Una situazione d’inquinamento ambientale e pericolosità per la salute delle persone che ha portato Legambiente a chiedere che «avvenga l’immediata moratoria di tutte le attività militari e che venga avviata la bonifica dei terreni e delle aree di mare contaminate. Interventi imprescindibili per una riconversione ad usi civili dell’area di Quirra, fondamentale per un rilancio economico ed occupazionale a beneficio delle popolazioni locali», mentre a livello nazionale «è quanto mai opportuno avviare un processo di bonifica ambientale per tutte le aree militari contaminate della Sardegna ma anche nel resto d’Italia, quali ad esempio le aree militari all’interno dei siti contaminati di interesse nazionale o reginale, come Taranto o La Maddalena e gli altri presenti nelle diverse regioni. Anche attraverso un concreto impegno del governo per un adeguato finanziamento di queste attività».
Gli ambientalisti hanno approfittato dell’audizione per sottolineare anche il problema dei numerosi siti contaminati dai vecchi ordigni provenienti dalla seconda guerra mondiale: «Oltre 30mila ordigni inabissati nel sud del mare adriatico, di cui 10mila solo nel porto di Molfetta e di fronte Torre Gavetone, a nord di Bari. Laboratori e depositi di armi chimiche della Chemical City nei boschi della Tuscia in provincia di Viterbo e l’industria bellica nella Valle del Sacco a Colleferro (Rm), nata 100 anni fa per fornire tecnologie e sostanze di supporto agli armamenti. Sostanze altamente inquinanti derivanti prevalentemente dalla pesante eredità bellica del periodo fascista, che continuano a minacciare l’ambiente e la salute delle popolazioni locali».

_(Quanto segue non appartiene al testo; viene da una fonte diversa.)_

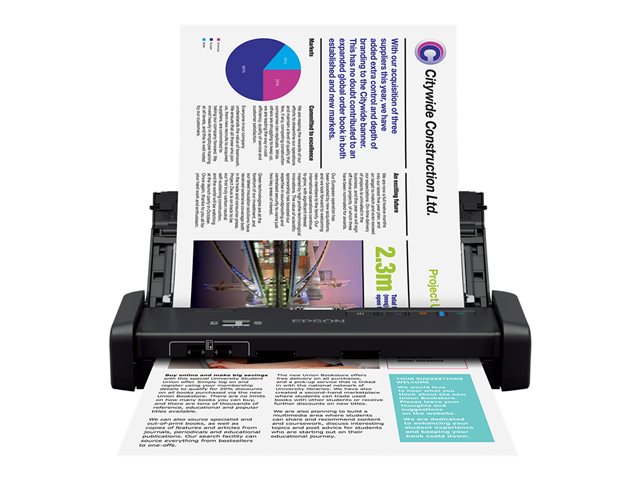 Epson WorkForce DS-310 - Document scanner - Duplex - A4 - 600 dpi x 600 dpi - up to 25 ppm (mono) / up to 25 ppm (colour) - ADF (20 sheets) - up to 500 scans per day - USB 3.0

Il terzo punto è la convivenza con le basi militari, come nel caso della settima base statunitense inaugurata a Vicenza nel 2012 che insiste su un’area di 64 ettari lungo le rive del Bacchiglione occupando l’ultimo polmone verde a Nord della città, a tre km dalla Basilica Palladiana su una delle più importanti falde di acqua potabile del Nord Italia. «La base –hanno sottolineato Zampetti e Nicoletti – è sta costruita, nonostante l’opposizione di tanti rappresentanti della società civile, associazioni e comitati, tra cui Legambiente, e soprattutto in deroga a molte delle normative urbanistiche nazionali e locali (non è stata prevista la VIA, il rispetto della legge Galasso o delle Raccomandazioni della Valutazione di incidenza ambientale (V.INC.A.)».

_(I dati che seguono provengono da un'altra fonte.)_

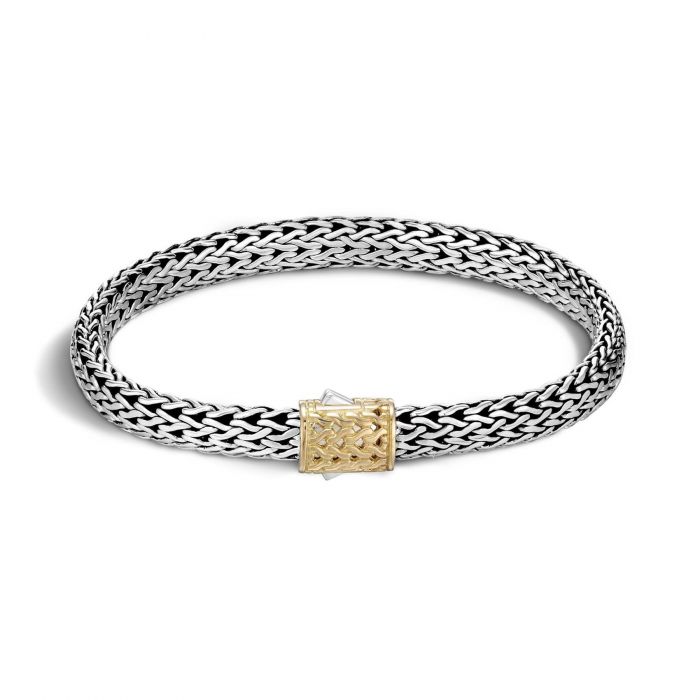 John Hardy Clic Chain 6 5mm Two Tone Bracelet John Hardy Clic Chain 6 5mm Two Tone Bracelet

Le conseguenze temute si sono puntualmente verificate: «La base ha infatti interrotto e reso non più funzionale la rete di drenaggi del vecchio aeroporto che manteneva l’area asciutta anche in caso di pioggia (la falda è a 50cm sotto il piano campagna) mentre i 3.860 pali da 60cm di diametro e oltre 20 m di lunghezza infissi lungo un fronte di 580 m hanno creato una barriera al deflusso dell’acqua di falda verso il fiume Bacchiglione con un incremento del rischio idraulico e di allagamento. Infatti oggi con due giorni di pioggia le aree circostanti si trasformano in paludi». Inoltre 16.000 militari e civili americani in più in una città di poco più che 100.000 abitanti hanno provocato un incremento del traffico del 10% e si prevede la creazione di entrate ad hoc con tangenziali, derivazioni ed uscite di emergenza consumando suolo e creando ulteriore inquinamento. Gli ambientalisti hanno fatto notare che «anche le compensazioni ambientali inizialmente previste e concordate con la popolazione, tra cui la creazione di un parco, non stanno arrivando e i fondi inizialmente destinati a questo sono stati utilizzati per la bonifica bellica di alcuni ordigni ritrovati nell’area. Inoltre la Valutazione di incidenza prevedeva un sistema di monitoraggio e sorveglianza per valutare gli effetti dell’attività della base sull’ambiente circostante, ma fino ad oggi di queste misure non si ha notizia».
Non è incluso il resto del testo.